Re: solutions for split brain situation

Stephan von Krawczynski <skraw@xxxxxxxxxx> · Wed, 16 Sep 2009 15:17:31 +0200

On Tue, 15 Sep 2009 20:14:57 -0400
Mark Mielke <mark@xxxxxxxxxxxxxx> wrote:

> On 09/15/2009 07:45 PM, Michael Cassaniti wrote:
> > Don't try bypassing the mountpoint to perform file operations _period_ 
> > . You can always have a replicate mountpoint configured on the server 
> > (i.e. a client for replicate), as well as the server side. NFS should 
> > run on top of this replicate mountpoint. This (poor) graphic may help. 
> > Note that everything is running on the same machine:
> 
> Agree. The main feature of GlusterFS in this regard has to do with read 
> - not write. It is very cool that if GlusterFS with cluster/replicate 
> completely fails, the backing store is still accessible to recover from. 
> However, this is not a license to write or re-write the backing story as 
> we see fit. It should be treated as read-only if it is used at all.
> 
> Note that even read-only does not work if one starts to use the 
> BerkeleyDB storage method, distribute, or stripe.
> 
> In any case - dropping extended attributes for a system that relies on 
> extended attributes is a lossy backup, and should be expected to be 
> invalid if restored into place. Even if the extended attributes are kept 
> in the backup - I think it only decreases the risk, it does not 
> eliminate it. Writes really should not bypass the mount point.
> 
> Cheers,
> mark

Well, Michael, Mark, maybe we should talk more about real setups and less
about theory. In theory everything you say makes sense, and clearly your
"don't do that" approach is clean.
Unfortunately the real world ist not that clean and hardly ever can be bent to
be. But fortunately theory looks at setup that are rare in real world.
Lets make a trivial setup, lots of data for webservers and some ftp servers
for feeding in and deleting old. The first thing in sight: compared to the
reads there are very few writes, mostly sequential logfiles. And another
thing: most of the data does not get read nor written the whole day long.
This is a pretty common example I would say. Since really very few changes are
going on compared to the total amount of stored data you may call the
situation pseudo-static.
What would you expect in that setup? Lets say the bad boys (ftp servers) are
local feeds and not going over glusterfs for some unknown reason.
What do they really do to the data? They delete (the data is gone afterwards,
so there is no problem at all), they write new files. It should be very simple
for glusterfs to detect a local fed new file, because it has no xattribs at
all (assuming every glusterfs-fed file has some (*)). So basically all you
have to do is try to write-lock the file on the backend store, create its
xattribs default, unlock and do a stat for self-healing the other subvolumes -
lets call such a thing "import".
Does that really sound unsolvable? (For simplicity we assume such local feeds
only on the first subvolume, and the cluster being replicate)

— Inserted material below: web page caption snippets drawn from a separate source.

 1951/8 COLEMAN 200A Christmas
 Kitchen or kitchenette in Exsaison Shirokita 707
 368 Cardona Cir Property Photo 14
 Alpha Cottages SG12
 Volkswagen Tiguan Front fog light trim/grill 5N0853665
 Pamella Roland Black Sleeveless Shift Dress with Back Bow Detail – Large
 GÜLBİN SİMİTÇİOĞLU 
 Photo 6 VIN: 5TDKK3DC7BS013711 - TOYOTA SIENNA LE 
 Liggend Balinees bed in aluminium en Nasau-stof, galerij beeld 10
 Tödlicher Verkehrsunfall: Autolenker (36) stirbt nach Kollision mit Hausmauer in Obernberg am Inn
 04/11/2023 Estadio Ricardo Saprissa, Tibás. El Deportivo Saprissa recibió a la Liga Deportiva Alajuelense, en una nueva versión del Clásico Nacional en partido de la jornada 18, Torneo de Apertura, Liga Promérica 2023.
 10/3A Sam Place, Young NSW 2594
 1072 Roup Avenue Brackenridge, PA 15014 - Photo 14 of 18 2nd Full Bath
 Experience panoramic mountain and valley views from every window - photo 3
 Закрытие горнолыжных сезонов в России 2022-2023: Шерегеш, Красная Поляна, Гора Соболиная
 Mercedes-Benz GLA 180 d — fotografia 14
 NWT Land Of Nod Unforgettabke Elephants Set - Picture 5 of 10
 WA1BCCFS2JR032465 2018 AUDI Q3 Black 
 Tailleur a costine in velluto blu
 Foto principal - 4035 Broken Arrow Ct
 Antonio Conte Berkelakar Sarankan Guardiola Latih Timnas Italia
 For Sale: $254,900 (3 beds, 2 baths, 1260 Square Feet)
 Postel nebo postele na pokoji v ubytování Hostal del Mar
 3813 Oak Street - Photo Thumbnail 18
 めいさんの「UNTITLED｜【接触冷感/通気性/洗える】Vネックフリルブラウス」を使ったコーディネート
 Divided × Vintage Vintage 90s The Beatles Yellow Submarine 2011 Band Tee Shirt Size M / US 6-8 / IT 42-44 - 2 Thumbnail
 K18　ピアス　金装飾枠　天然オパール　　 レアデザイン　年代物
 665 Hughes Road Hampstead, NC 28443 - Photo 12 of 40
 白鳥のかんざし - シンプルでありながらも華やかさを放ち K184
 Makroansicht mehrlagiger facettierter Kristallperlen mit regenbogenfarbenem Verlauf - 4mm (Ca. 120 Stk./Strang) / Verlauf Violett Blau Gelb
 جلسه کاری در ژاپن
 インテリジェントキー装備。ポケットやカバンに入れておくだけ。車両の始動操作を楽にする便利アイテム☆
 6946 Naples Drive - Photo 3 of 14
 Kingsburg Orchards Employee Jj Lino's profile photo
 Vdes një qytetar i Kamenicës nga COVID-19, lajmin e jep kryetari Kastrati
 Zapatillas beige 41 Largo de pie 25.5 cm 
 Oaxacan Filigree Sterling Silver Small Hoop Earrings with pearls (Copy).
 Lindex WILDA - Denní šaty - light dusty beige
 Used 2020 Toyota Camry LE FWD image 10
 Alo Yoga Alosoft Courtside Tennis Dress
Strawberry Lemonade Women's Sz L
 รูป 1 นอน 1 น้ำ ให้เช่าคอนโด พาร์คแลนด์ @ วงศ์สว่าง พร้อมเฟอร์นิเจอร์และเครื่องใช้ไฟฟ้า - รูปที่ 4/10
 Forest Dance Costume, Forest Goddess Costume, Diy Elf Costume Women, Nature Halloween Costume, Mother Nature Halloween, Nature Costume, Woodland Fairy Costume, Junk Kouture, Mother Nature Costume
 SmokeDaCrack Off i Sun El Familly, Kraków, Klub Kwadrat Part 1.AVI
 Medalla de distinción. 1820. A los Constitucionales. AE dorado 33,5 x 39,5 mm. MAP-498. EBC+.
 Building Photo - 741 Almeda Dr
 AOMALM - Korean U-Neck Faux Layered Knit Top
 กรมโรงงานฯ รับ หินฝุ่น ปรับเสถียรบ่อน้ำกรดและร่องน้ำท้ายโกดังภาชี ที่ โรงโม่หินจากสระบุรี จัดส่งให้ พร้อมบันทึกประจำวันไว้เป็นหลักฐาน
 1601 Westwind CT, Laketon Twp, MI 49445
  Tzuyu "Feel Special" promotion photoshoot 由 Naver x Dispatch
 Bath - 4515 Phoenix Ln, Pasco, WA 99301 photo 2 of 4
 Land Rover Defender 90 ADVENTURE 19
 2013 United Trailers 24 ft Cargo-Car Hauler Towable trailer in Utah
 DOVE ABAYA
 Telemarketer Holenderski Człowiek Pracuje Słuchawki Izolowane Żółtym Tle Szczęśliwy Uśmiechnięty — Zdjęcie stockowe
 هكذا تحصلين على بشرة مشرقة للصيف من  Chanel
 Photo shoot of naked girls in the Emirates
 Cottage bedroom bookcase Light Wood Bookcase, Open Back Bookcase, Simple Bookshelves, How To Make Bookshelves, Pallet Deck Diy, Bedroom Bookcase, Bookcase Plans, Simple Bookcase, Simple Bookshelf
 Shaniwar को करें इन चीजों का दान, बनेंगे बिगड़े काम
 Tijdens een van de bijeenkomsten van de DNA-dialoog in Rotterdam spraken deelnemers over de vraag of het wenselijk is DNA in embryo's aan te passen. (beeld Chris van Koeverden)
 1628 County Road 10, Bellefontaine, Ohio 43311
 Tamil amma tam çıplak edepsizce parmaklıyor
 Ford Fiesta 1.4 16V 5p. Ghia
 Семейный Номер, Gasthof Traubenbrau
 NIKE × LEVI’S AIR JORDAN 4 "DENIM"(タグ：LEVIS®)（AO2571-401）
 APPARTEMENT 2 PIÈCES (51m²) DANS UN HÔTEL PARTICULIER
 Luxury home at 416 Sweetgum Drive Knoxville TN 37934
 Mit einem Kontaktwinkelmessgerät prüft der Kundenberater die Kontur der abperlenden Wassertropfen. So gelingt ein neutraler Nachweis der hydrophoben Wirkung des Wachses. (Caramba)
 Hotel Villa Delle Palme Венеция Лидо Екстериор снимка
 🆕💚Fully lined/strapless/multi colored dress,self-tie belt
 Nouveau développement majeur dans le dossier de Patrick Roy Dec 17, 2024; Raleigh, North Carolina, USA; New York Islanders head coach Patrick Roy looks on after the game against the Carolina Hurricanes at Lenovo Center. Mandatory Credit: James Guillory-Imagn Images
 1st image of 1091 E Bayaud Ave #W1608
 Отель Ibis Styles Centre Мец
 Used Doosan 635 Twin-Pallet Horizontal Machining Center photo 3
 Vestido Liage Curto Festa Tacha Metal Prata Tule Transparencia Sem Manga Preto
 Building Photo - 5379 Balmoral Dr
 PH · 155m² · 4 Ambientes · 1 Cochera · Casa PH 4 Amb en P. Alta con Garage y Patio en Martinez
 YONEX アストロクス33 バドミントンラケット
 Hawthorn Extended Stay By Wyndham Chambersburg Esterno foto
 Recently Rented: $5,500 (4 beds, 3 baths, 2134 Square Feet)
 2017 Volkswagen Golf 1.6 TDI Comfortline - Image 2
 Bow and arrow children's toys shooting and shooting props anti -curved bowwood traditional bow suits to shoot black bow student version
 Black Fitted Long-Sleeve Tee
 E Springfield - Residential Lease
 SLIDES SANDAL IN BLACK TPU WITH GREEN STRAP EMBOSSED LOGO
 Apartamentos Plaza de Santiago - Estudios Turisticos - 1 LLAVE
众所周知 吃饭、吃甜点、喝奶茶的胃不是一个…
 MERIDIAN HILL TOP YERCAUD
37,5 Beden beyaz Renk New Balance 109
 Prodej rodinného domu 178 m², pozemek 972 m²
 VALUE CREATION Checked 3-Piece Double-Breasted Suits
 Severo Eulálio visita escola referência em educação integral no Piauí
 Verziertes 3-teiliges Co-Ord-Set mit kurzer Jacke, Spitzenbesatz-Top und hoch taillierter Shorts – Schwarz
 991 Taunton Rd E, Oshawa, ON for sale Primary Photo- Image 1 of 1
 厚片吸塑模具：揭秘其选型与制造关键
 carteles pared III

(*) IF not every glusterfs file has xattribs then "import" is even simpler and
can be done by just stat'ing. This case sounds pretty automagically happening
on first touching of the new file over glusterfs mountpoint.

Another story: the backup 
I am pretty astonished that you all talk about backuping the xattribs. But
according to your own clean philosophy there should be no problem for backups
without xattribs as long as they are read in from the glusterfs mountpoint.
Since other applications do not honor the xattribs either that can only mean
that a backup must be a complete snapshot without them.
Backup with xattribs in this sense can only be useful at all if read local
from the backend store to be able to recover that backend later on - including
the information hidden in the xattribs. But since you would not want to deal
with local data at all this should be no backup method at all.
Even from my bad boy position I would not backup xattribs via local feed. The
reason for me lies in restore. If I local-restore a file without xattribs
I give glusterfs a realistic change to notice that this is a local fed file and
should probably be handled like discussed above ("import"). But if I
local-restore a file with xattribs it is likely that these contain a currently
invalid state. My guess is that this will harm glusterfs more than not having
xattribs for the file at all because there is possibly no good way to find out
the invalid state.
So how is topic xattribs linked to topic backup according to your opinion?

-- 
Regards,
Stephan